Abstract:Tensor train (TT) decomposition represents an $N$-order tensor using $O(N)$ matrices (i.e., factors) of small dimensions, achieved through products among these factors. Due to its compact representation, TT decomposition has found wide applications, including various tensor recovery problems in signal processing and quantum information. In this paper, we study the problem of reconstructing a TT format tensor from measurements that are contaminated by outliers with arbitrary values. Given the vulnerability of smooth formulations to corruptions, we use an $\ell_1$ loss function to enhance robustness against outliers. We first establish the $\ell_1/\ell_2$-restricted isometry property (RIP) for Gaussian measurement operators, demonstrating that the information in the TT format tensor can be preserved using a number of measurements that grows linearly with $N$. We also prove the sharpness property for the $\ell_1$ loss function optimized over TT format tensors.
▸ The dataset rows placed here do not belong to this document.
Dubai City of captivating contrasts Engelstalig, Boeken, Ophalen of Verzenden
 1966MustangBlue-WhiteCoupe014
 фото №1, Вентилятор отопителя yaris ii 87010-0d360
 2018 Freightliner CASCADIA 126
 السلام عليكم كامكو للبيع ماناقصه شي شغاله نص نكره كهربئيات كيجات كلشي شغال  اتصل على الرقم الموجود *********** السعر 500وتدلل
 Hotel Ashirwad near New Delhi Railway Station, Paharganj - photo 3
Building on the $\ell_1/\ell_2$-RIP and sharpness property, we then propose two complementary methods to recover the TT format tensor from the corrupted measurements: the projected subgradient method (PSubGM), which optimizes over the entire tensor, and the factorized Riemannian subgradient method (FRSubGM), which optimizes directly over the factors. Compared to PSubGM, the factorized approach FRSubGM significantly reduces the memory cost at the expense of a slightly slower convergence rate. Nevertheless, we show that both methods, with diminishing step sizes, converge linearly to the ground-truth tensor given an appropriate initialization, which can be obtained by a truncated spectral method.